Do folks have practical examples that would make development of alternative computational models worth it?
The GPU is the only recent example where I've seen people really willing to rethink how they work to get (very large) performance gains. But I'm not seeing that here. For the examples I can think of, it seems like it would be easier to install more servers with modest amounts of RAM, rather than having a smaller number of servers with lots more RAM and in-memory processing.
Of course, maybe I'm just not thinking of the right examples.
> Do folks have practical examples that would make development of alternative computational models worth it?

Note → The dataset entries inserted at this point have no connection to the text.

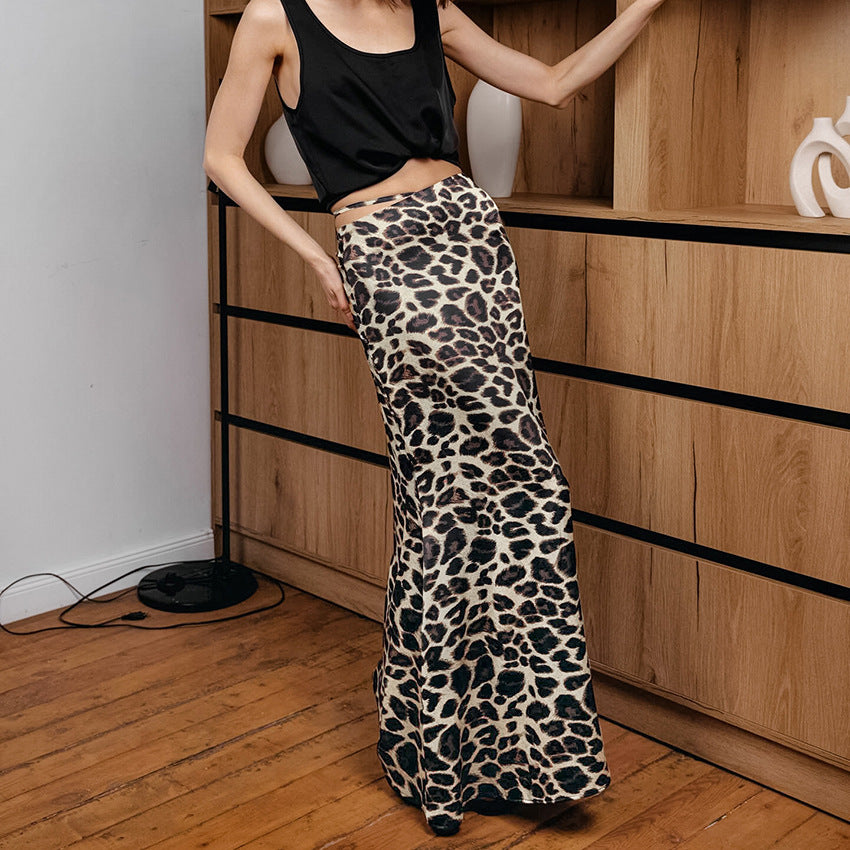 Brenda – Robe Sirène à Imprimé Léopard en Satin à Taille Haute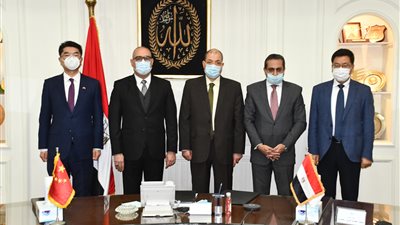   وزير الإسكان وسفير مصر بالصين يشهدان توقيع عقد استكمال الأعمال ومذكرة التفاهم لإدارة وتشغيل منطقة الأعمال المركزية بالعاصمة الإدارية الجديدة
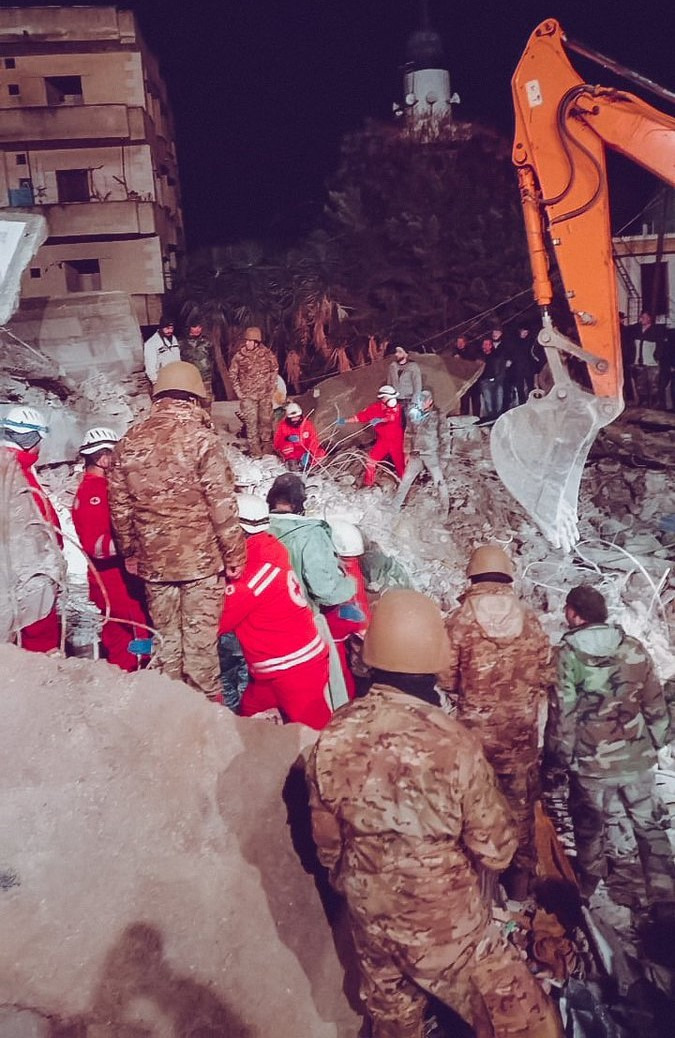 بالصورة..  فرق الإغاثة في في الصليب الأحمر اللبناني باشرت عمليات الإنقاذ في سوريا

This is the question to ask people when they say "the von Neumann architecture is a bottleneck".
That being said, I think a strong contender is the dataflow computing model. The advent of the GPU already heavily punishes control flow, and workloads are being increasingly constrained, hence the possibility of a real world success for dataflow machines.
Ok, I have seen dataflow as a model for writing programs. But such languages still have conditional constructs -- and I always assumed that once it gets down to the metal the cost of a conditional is going to be much the same.
"The march toward specialized systems" is an interesting slogan (if you will), since that's exactly where we came from; we (as in: the industry) made a huge point out of doing as much as possible using general-purpose components (remember GPGPU?) and more or less open standards. It is of course obvious that the general purpose approach has inherent inefficiencies, but we gladly paid the price. I see some similarities here with the recent rise in popularity of lower level programming languages (better C++, Rust, even Go), after the move to VM-based highest-level languages (Python, Ruby, JavaScript, countless others, perhaps even Java).
We see the gains in productivity and the reduction in cost – at least according to some measures –, but it has inherent inefficiencies. Inefficiencies like simple applications using far more CPU and memory than they're due to.
This perhaps makes people think again what would be possible if all the abstraction (analogous to general-purposeness of hardware) were wiped away and what has been possible in the past using far fewer resources.
The trend of finally adopting AOT on OpenJDK and .NET (NGEN is just for faster startup) kind of prove the point they should have offered AOT since v1.0 instead of leaving it to third parties.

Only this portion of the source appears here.